• **Work request**
Count all lines holding "Black" in the data below and say the number, nothing more.

• **Information**
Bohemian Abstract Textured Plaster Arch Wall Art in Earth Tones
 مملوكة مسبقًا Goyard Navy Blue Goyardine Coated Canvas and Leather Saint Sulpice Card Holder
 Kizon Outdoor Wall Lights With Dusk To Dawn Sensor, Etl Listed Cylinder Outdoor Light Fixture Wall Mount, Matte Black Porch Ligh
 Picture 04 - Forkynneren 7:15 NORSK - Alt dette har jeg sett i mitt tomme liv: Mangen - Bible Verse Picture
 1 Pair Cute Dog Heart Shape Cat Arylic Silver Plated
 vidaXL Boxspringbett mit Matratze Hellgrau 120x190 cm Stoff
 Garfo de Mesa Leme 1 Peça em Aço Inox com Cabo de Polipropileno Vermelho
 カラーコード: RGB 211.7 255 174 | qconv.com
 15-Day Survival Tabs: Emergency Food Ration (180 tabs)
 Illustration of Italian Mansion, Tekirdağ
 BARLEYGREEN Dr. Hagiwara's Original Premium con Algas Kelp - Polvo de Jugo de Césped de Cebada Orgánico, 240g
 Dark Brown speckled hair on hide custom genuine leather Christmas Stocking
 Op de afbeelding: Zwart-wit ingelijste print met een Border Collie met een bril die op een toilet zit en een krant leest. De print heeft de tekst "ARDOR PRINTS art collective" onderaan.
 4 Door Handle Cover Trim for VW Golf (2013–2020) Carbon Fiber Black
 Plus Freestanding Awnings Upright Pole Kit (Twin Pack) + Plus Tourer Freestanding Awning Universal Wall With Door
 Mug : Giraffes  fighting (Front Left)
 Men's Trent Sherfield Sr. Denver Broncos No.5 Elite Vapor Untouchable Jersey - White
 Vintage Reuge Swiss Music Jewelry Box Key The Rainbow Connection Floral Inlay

• **Response box**
2